| Work instruction |
An exact copy of every record is needed, with all pictures omitted.

(Beginning of Working data)

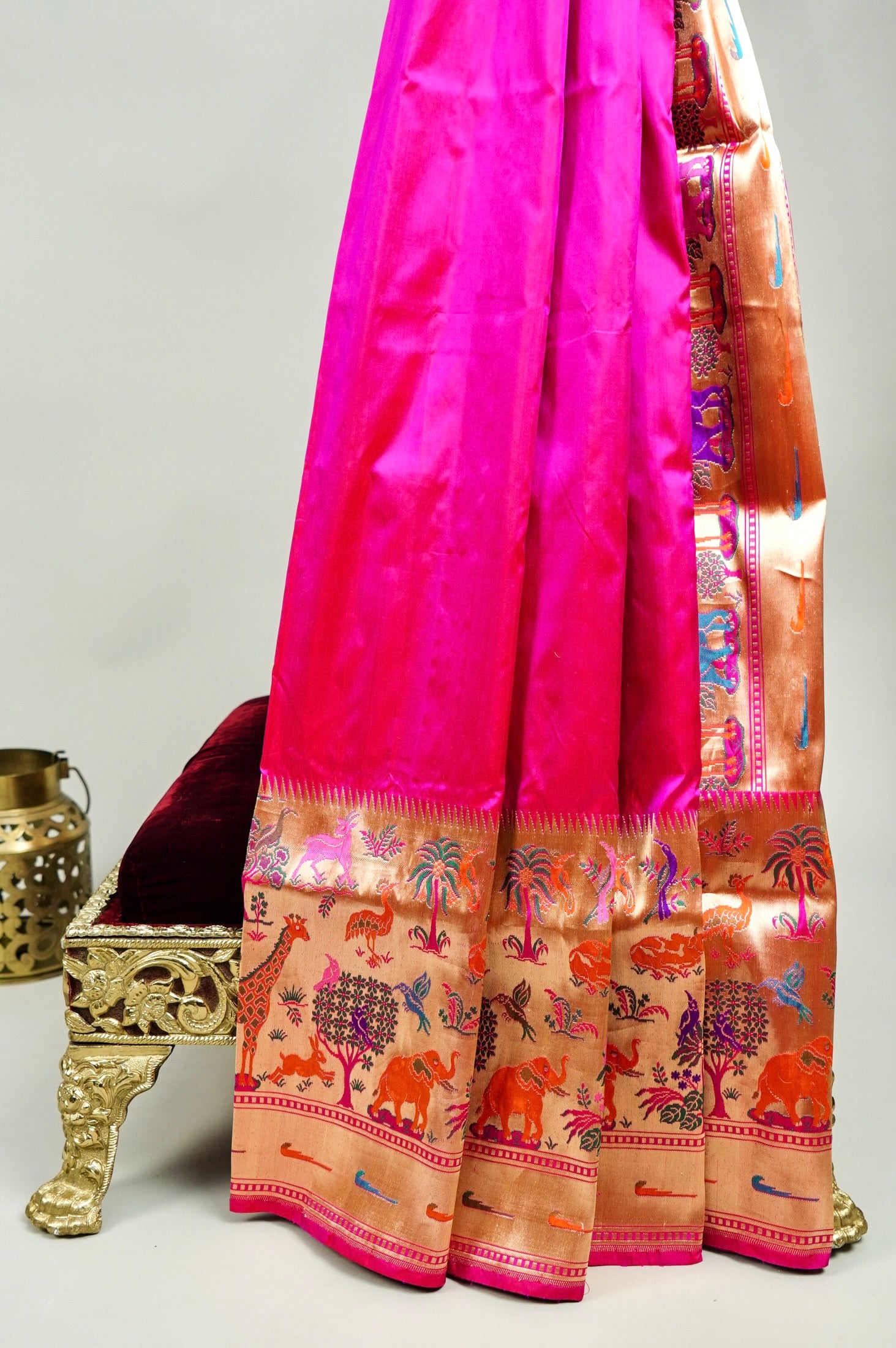 Rani Katan Silk Plain Kadhuwa Weaved Tilfi Border Aanchal Saree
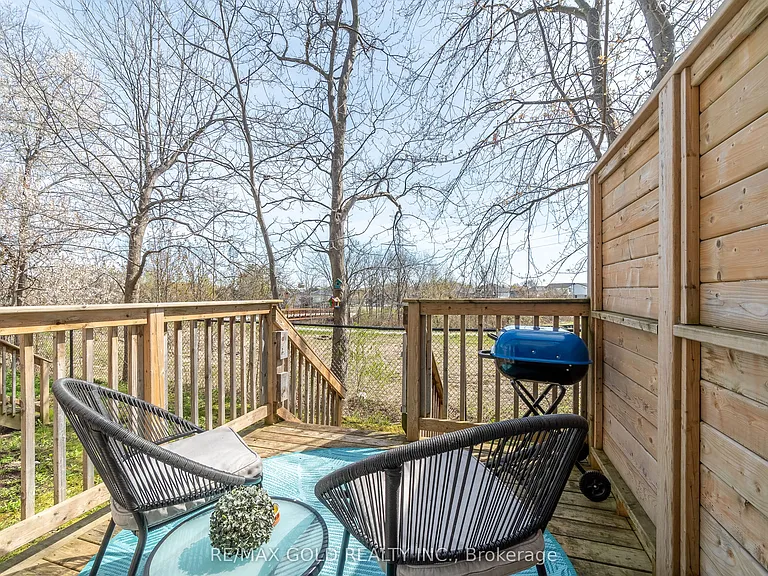 2621 Holbrook Dr #8 — Photo 31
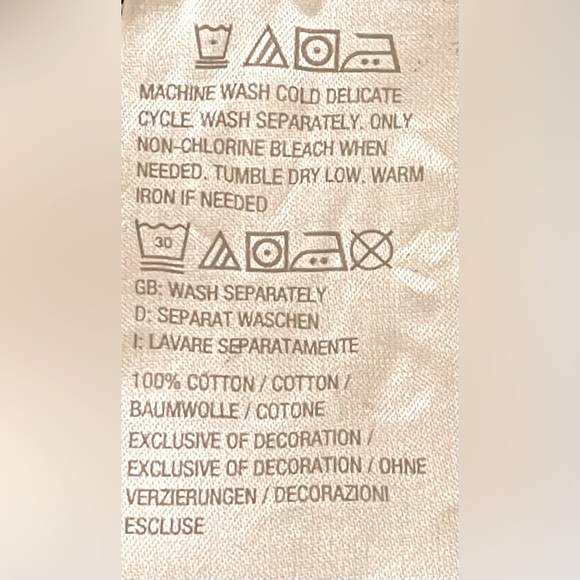 Peace Love World Long Sleeve Cut Out Tee. Black. Size 1X. - Picture 15 of 15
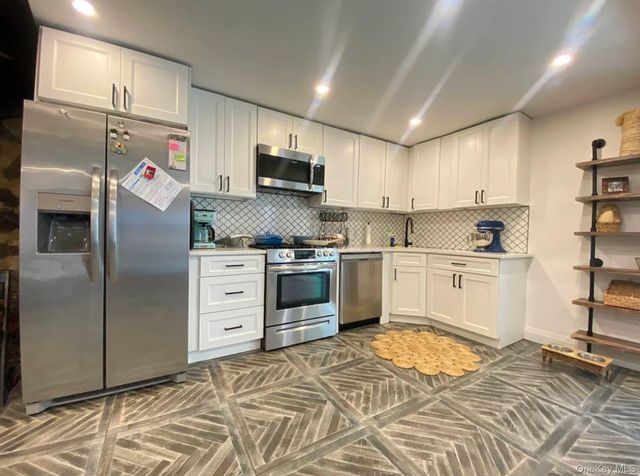 4112 20th Avenue, Astoria, NY 11105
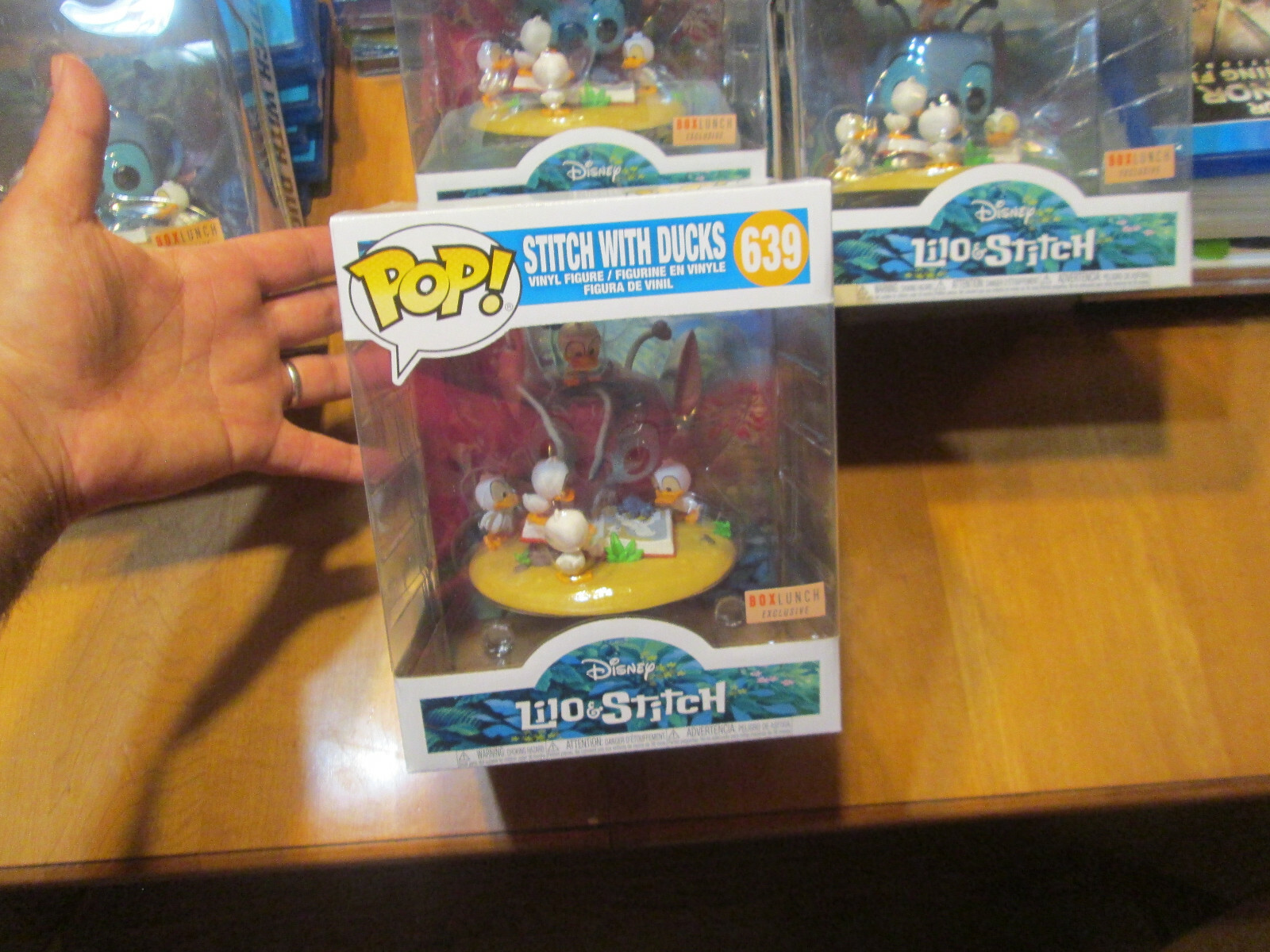 FUNKO POP DISNEY LILO & STITCH # 639 STITCH WITH DUCKS BOX LUNCH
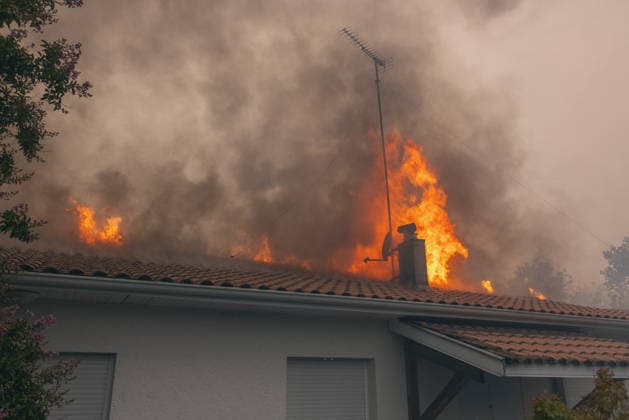Wildfires in France - Le Porge Firefighters are trying to extinguish fires ravaging homes in Le Porge, in southwestern France, on July 24, 2026, as part of the effort to combat wildfires. A particularly fierce wildfire has burned more than 12,000 hectares since July 22, 2026, near the Arcachon Basin (Gironde), where thousands of residents and tourists have been evacuated from this part of the Landes de Gascogne forest, which was already devastated by flames in 2022. Photo by Clement Viala Infobassin.com ABACAPRESS.COM Le Porge France  Copyright: xClementxViala infobassin.com ABACAx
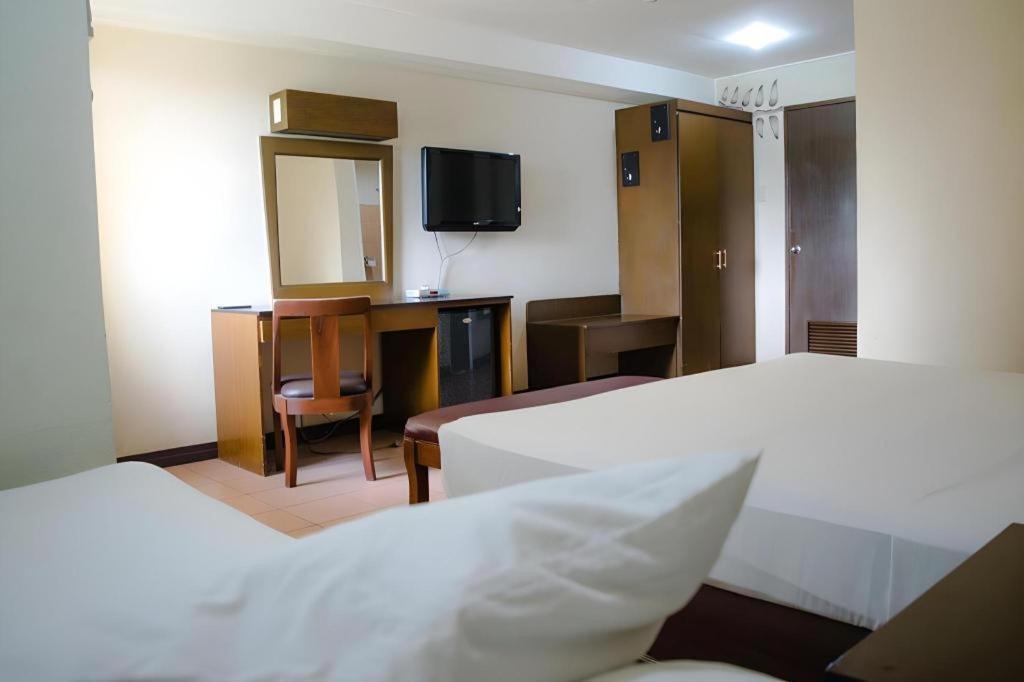 Country Village Hotel Cagayan de Oro Exterior photo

(End of Working data)

| Reply to the exercise |
 Rani Katan Silk Plain Kadhuwa Weaved Tilfi Border Aanchal Saree
 2621 Holbrook Dr #8 — Photo 31
 Peace Love World Long Sleeve Cut Out Tee. Black. Size 1X. - Picture 15 of 15
 4112 20th Avenue, Astoria, NY 11105
 FUNKO POP DISNEY LILO & STITCH # 639 STITCH WITH DUCKS BOX LUNCH
Wildfires in France - Le Porge Firefighters are trying to extinguish fires ravaging homes in Le Porge, in southwestern France, on July 24, 2026, as part of the effort to combat wildfires. A particularly fierce wildfire has burned more than 12,000 hectares since July 22, 2026, near the Arcachon Basin (Gironde), where thousands of residents and tourists have been evacuated from this part of the Landes de Gascogne forest, which was already devastated by flames in 2022. Photo by Clement Viala Infobassin.com ABACAPRESS.COM Le Porge France  Copyright: xClementxViala infobassin.com ABACAx
 Country Village Hotel Cagayan de Oro Exterior photo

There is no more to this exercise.